Dimensional is a pioneer in systematic, factor-based investing.  It approaches investment management with a bedrock belief in efficient markets.  It targets size, valuation and profitability as factors that account for the return premiums observed in stocks.  DFA continues to divide the market into value and growth stocks first and then tilt each group toward profitability.  I thus suggest Dimensional’s value strategies, which result in an intersection of value and profitability criteria.  DFA offers a range of funds with varying exposures to these criteria, from full exposure, which I show in the table above, to pure index funds that closely track the S&P 500 benchmark.  You must work with an adviser that uses Dimensional funds to have access to them.  Such advisers tend to share the investment principles and values I introduce throughout this website, including serving clients to a fiduciary standard as Registered Investment Advisors.  Dimensional offers its strategies in mutual fund format.  It offers tax-managed versions of these funds for taxable accounts.
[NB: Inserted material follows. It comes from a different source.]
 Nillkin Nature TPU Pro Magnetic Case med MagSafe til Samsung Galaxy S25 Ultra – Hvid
Glenmede has a long history in developing and managing systematic strategies, starting with its Quantitative International strategy which dates back to 1988.  Its strategies are purely quantitative implementations of classic, common-sense fundamental criteria, as well as technical factors like price momentum.  Its integration of multiple factors is a positive, and I favor its core strategies which incorporate both value and profitability.  Setting Glenmede’s strategies apart, they employ fundamental criteria that vary by industry, depending on which are most relevant to each industry.  And it also utilizes a second model specifically geared toward risk, which guides its selling discipline.  There has been good continuity in the investment team, dating back to each strategies inception; the small cap strategy is a relatively recent addition.  Glenmede offers its strategies in mutual fund format.
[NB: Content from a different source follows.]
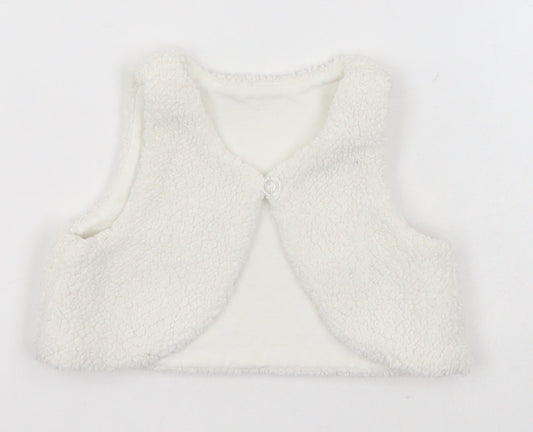 Matalan Baby White  Polyester Vest Jumper Size 3-6 Months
In 2015, Goldman Sachs Asset Management introduced its “ActiveBeta” ETFs, the US large and small cap and international versions I show in the table above.  These are multi-factor stock portfoliosvalue, quality, momentum and low-volatility.  Unlike the multi-factor approaches used by AQR and BlackRock, Goldman’s methodology does not integrate the factors.  It first sorts companies on each single factor independently and then mixes these portfolios together in equal parts (25% each) into the overall “ActiveBeta” portfolio.  This can miss out on important interaction effects (a stock that is not the cheapest or the highest quality (most profitable), but is the cheapest relative to its level of profitability).
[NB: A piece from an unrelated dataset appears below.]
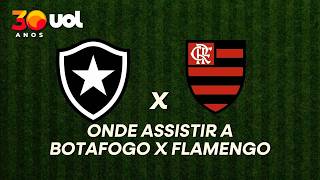 BOTAFOGO X FLAMENGO: ONDE ASSISTIR À TRANSMISSÃO AO VIVO DO JOGO E HORÁRIO PELO BRASILEIRÃO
QS Investors is an independent firm under the larger Legg Mason umbrella.  Similar to the ideas I’ve conveyed here, QS offers strategies that draw important ideas from both quantitative and behavioral finance.  It also implements portfolios based on the intersection of value and fundamental factors (cash flow generation and growth, which together relate very strongly to the profitability concept I’ve described).  And it combines this with a sentiment factor, which it measures in a number of ways.  QS distinguishes itself by varying the emphasis it places on either the value or fundamental factors based on the current market environment in terms of sentiment.  It gives greater weight to those factors that on average have performed better in sentiment environments (positive or negative, i.e. greed or fear) most closely approximating the environment then prevailing.